By Sadef Ali Kully

Dozens of community members, along with civic leaders spoke Tueaday during a hearing at the city’s Board of Standards & Appeal in opposition to the slated construction of a house of worship in Flushing.

The city’s Board of Standards & Appeals has schcduled a second hearing in April.

On Saturday, the same residents, civic leaders and state Sen. Tony Avella (D-Bayside), rallied to protest the conversion of a property at 46-05 Parsons Blvd. in Flushing into a mosque that would serve an estimated 500 worshippers.

The triangular, 4,773- square-foot lot has been the source of controversy over the past year because the property’s owners, Masjid-e-Noor, submitted a request to allow for the mandated floor area ratio (the total square feet of a building divided by the total square feet of the lot where the building is located) to be 1.045 instead of the required 0.5 for a building in an R2 district.
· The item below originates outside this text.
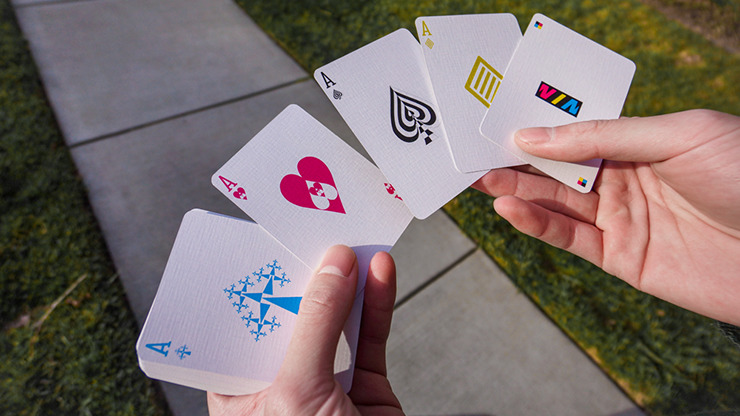Prototype V3, Tricolor Edition Playing Cards by Vin - Image 2
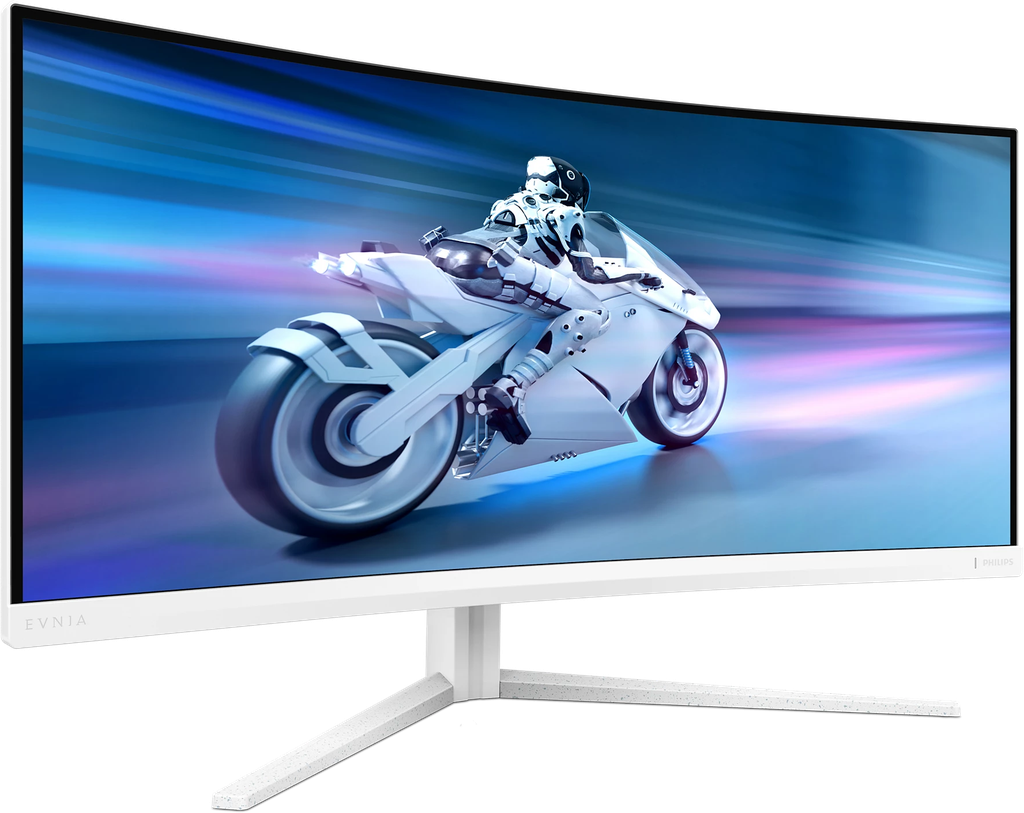 Écran PC gamer incurvé PHILIPS EVNIA 34 pouces UWQHD 180Hz dalle Fast VA avec DisplayHDR 400 pour setup FlowUP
The request also asks that yard and parking requirements be waived.

Community Board 7 tabled a vote on whether to approve the construction of the mosque in January 2015 and then rejected the application in April. The January board meeting was an intense debate where cultural differences between the East and West were on display. The cultural clash was noticeable during the meeting despite the fact that everyone insisted that they were not against having a mosque but rather where they wanted it to be put.

Despite opposition to the proposal to change the mandated zoning regulations from Community Board 7 and Borough President Melinda Katz, the Masjid-e-Noor group has decided to take the issue to the Board of Standards and Appeals Tuesday for a hearing.

“There are a lot of problems here—it’s a strange lot, it’s like a slice of pie. It’s totally against zoning, the size is two times the permitted size and the height is two times the height permitted,” Tyler Cassel, who sits on the Zoning and Land Use Committee for Community Board 7, said.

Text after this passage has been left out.